マーケティングプロフェッショナルの視点(日経BP)

  • 2019年6月15日
  • 2023年4月1日
  • 書評

今年1月に自身の会社を設立して以降も、とある企業のマーケティング部門でマネジメントを行っています。コンサルティングではなく何故マネジメントなのか?と言うと、マーケティングとは所属するメンバーが持つ個々のキャリアをチームビルディングして初めて機能すると考えているからです。

この考えが「マーケティングの本質」などと言うつもりでもなく、あくまで人材業界に長く関わらせていただけた上で、自分の軸となった事に起因しています。

キャリア・マネジメントにも触れたマーケティング書

本書の著者は、P&Gジャパンにおける長年のマーケティング経験を元に、名だたる企業でブランドマネジメントや組織開発に携われてきた、音部大輔氏。

表紙にある「明日から仕事がうまくいく24のヒント」というキャッチはありますが、マーケティング実務における解説書ではなく、どちらかと言うと概念やマインドを分かりやすい表現で説明してくれています。

マーケティングとは「市場創造」、ブランドとは「価値」、と言った具合に、表現が非常にシンプル。
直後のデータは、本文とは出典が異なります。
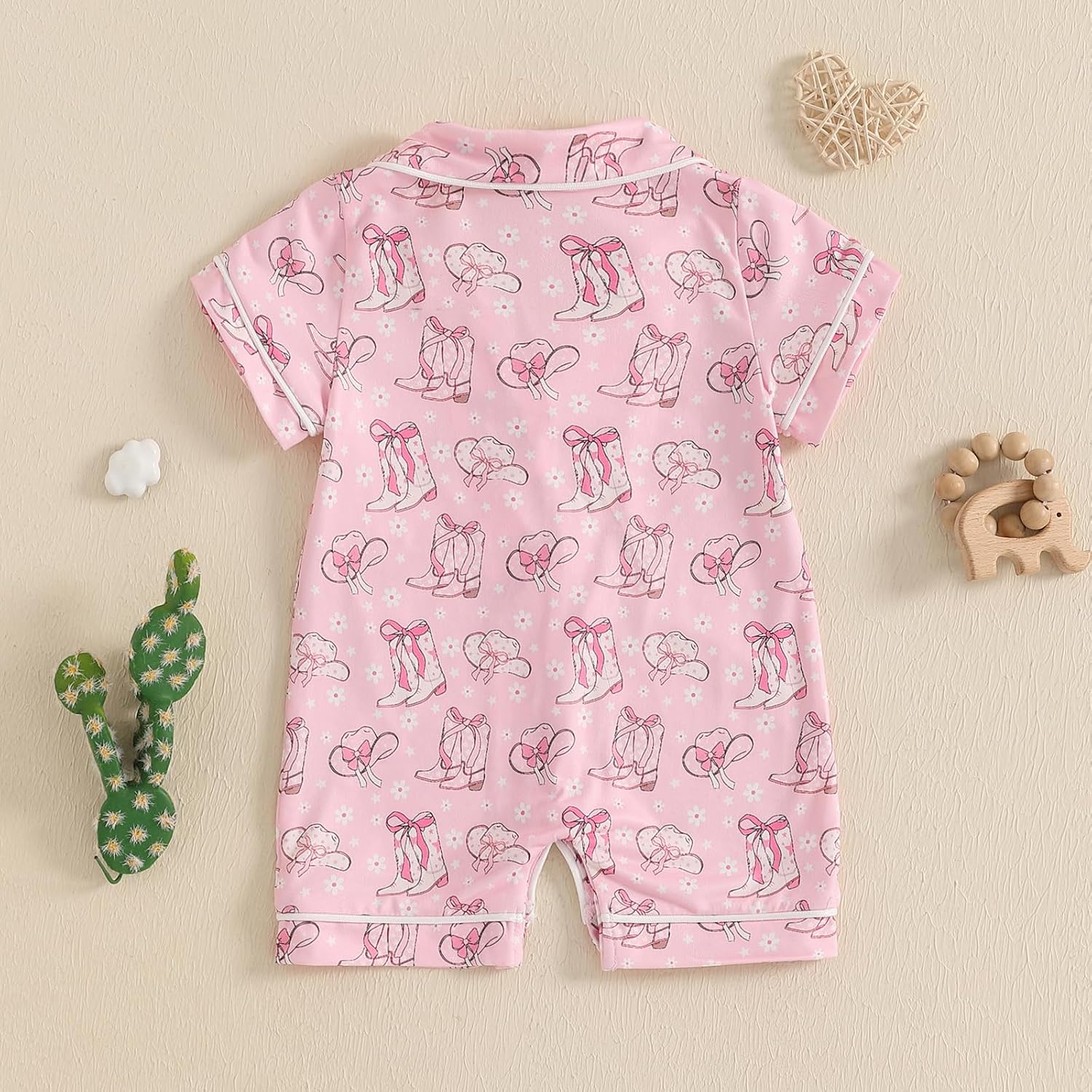 Balaflyie Newborn Summer Pajamas Baby Boy Girl Button Down Romper Cute Infant Sleepwear One-Piece Pjs image 3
この概念を元としたケーススタディについては、インターネット上でも対談記事として公開されていたりします。

音部大輔氏が語る、マーケティングによる「市場創造」と「属性の順位転換」とは?
https://bizzine.jp/article/detail/2644

マーケティングのデジタル化により、其の実務が非常に複雑かつ高度なものに感じられる事も多々ありますが、高度なのは分析とアウトプットの整合性であり、考え方は逆によりシンプルであるべきなんだな、と思わせてくれる内容です。これからマーケティングを始める方にとってもオススメできる良書だと思います。

「1万時間の法則」に見られるマーケターのキャリア論

本書の中では、前述の通りマーケティング部門という組織の作り方や、マーケターとしてのキャリアについても触れられています。

その中で出てくる「1万時間の法則」を、聞いたことがある方も多いのではないでしょうか?

これは、マルコム・グラッドウェル氏による著書「Outliers(邦題:天才!成功する人々の法則)」で書かれたものです。

分かりやすく言うと、「どの分野においても1万時間の練習で達人になれる」とされる法則であり、その後プリンストン大学で行われた研究によって信憑性が高められました。

「マーケティング」というスキルを漠然と捉えてしまうと、個々のキャリアも漠然としたものになります。より細かい「自分らしいスキルセット」をきちんと掘り下げないと、1万時間で得られるスキルが漠然としたものになる、ということです。

ドラクエを例としたKPIの考え方の記事においても、チーム編成を個々のスキルセットで表現しました。漠然と何でもこなしてきたディレクター集団と、個々のスキルセットが明確であるメンバーによるチームとでは、業務遂行能力が大きく変わってきます。そのために、1万時間を何に費やすか?が、マーケターのキャリアとしてとても大事ということです。

その上で本書にあるマーケティングの本質や目的を、それぞれのスキルを使って体現していく事が重要であると、改めて考えさせられる一冊です。